Proposal: Allow Runtime Configuration of Pixie Logging Level (Env Vars or CLI Flags)
Is your feature request related to a problem? Please describe. Pixie (Cloud + Vizier) is composed of many services, all of which default to the info logging level. As a result, these services generate a high volume of logs over time, which significantly increases logging costs on cloud providers. In some cases, logging costs can exceed compute costs such as CPU and memory. For system workloads like Pixie, it would be advantageous to use a more restrictive logging level (e.g., error) to reduce noise and control operational costs. However, the logging level appears to be hard-coded to info in the source code.

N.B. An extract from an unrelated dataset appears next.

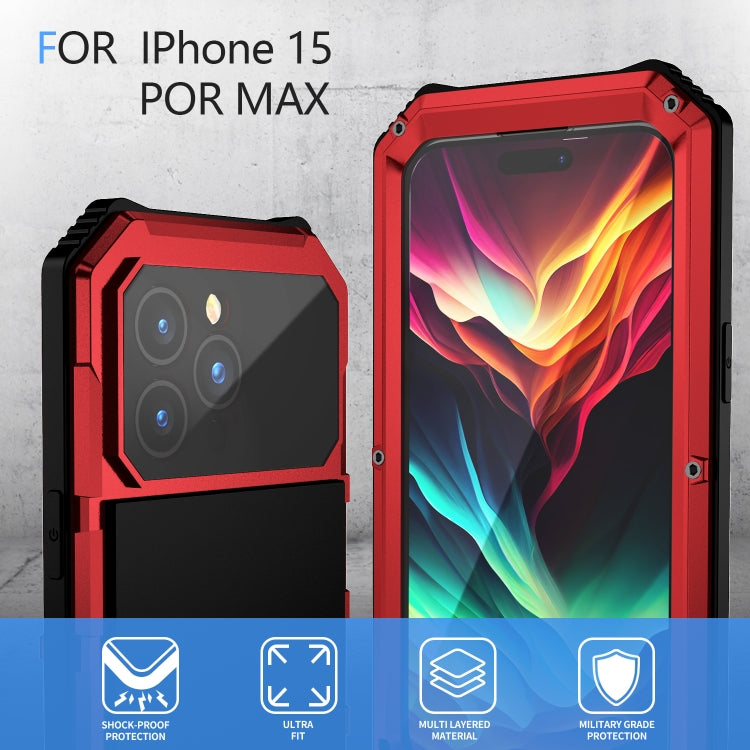 For iPhone 15 Pro Max R-JUST Life Waterproof Dustproof Shockproof Holder Phone Case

Describe the solution you'd like Ideally, the logging level should be configurable at runtime, preferably via environment variables or command-line arguments. This would allow cluster operators to adjust verbosity according to their needs without modifying the source code. From my initial review, this file would likely need to be updated: https://github.com/pixie-io/pixie/blob/HEAD/src/shared/services/logging.go#L42-L42
I have not yet investigated deeper for potential compatibility concerns, but I would be interested in contributing if the change is feasible.
Describe alternatives you've considered One alternative considered was configuring Fluent Bit to filter out info logs emitted by Pixie pods on GKE. However, this approach has not been tested and is less ideal than having the logging level controlled directly by Pixie components.
Hi @lucascicco, thanks for starting this discussion.
You're right that Pixie's golang services have a hard coded log level. The C++ embedded within the query broker, kelvin and PEM Vizier services also use glog. This portion of the service logging does have runtime toggles as documented in the previous link.
I don't see an issue with making the logrus logger configurable at runtime, but I'm curious if you have a summary of which log messages contribute to the large log volume. Independent of making the log level configurable at runtime, any noisy messages should have their level reconsidered.
In terms of implementation, I think we'd want to introduce a new service flag (i.e. --log_level) in service_flags.go. This can then be used to configure logrus's logging level in the SetupServiceLogging function.
Happy to discuss any of that in more detail if you have questions, but it seems feasible and would be a worthwhile contribution.